_AIM OF THE EXERCISE_
Pick each line that has "Slip" out of the records.

....................

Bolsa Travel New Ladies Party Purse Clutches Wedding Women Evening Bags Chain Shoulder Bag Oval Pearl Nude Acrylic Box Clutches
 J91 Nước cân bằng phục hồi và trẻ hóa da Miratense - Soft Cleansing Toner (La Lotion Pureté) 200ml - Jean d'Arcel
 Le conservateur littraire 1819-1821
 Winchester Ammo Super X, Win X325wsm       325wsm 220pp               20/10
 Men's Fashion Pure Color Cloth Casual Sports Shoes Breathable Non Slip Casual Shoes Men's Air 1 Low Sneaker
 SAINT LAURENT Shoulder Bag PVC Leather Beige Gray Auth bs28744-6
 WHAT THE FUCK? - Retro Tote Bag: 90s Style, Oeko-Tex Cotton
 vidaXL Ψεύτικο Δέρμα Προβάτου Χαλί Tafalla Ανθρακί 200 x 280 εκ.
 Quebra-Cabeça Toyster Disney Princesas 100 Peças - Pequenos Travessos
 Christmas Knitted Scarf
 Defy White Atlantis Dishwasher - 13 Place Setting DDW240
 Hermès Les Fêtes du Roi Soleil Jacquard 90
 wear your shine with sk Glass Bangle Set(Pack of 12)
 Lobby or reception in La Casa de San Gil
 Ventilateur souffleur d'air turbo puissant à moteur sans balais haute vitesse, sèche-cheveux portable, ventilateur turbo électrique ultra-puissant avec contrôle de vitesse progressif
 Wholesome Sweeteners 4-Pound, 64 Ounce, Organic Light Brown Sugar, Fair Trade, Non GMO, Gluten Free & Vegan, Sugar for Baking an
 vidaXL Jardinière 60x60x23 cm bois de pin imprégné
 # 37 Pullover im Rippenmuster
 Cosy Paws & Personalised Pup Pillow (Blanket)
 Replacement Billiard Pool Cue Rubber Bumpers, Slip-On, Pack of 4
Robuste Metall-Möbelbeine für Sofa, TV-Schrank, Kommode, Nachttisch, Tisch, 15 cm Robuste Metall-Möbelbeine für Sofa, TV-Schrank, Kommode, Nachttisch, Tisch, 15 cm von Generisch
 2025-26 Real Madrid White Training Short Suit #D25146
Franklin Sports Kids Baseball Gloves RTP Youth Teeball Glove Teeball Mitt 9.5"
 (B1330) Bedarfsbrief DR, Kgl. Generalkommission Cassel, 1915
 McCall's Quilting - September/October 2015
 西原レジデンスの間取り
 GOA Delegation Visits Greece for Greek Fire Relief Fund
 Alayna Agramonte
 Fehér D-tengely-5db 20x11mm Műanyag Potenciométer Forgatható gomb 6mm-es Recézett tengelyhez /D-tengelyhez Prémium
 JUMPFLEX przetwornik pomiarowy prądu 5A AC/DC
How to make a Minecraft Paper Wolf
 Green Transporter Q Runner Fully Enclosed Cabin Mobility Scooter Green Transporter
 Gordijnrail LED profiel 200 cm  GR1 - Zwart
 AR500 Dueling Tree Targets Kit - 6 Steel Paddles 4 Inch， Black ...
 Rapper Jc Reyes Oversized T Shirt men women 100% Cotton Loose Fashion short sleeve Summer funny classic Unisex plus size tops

....................

_TASK RESPONSE_
 Men's Fashion Pure Color Cloth Casual Sports Shoes Breathable Non Slip Casual Shoes Men's Air 1 Low Sneaker
 Replacement Billiard Pool Cue Rubber Bumpers, Slip-On, Pack of 4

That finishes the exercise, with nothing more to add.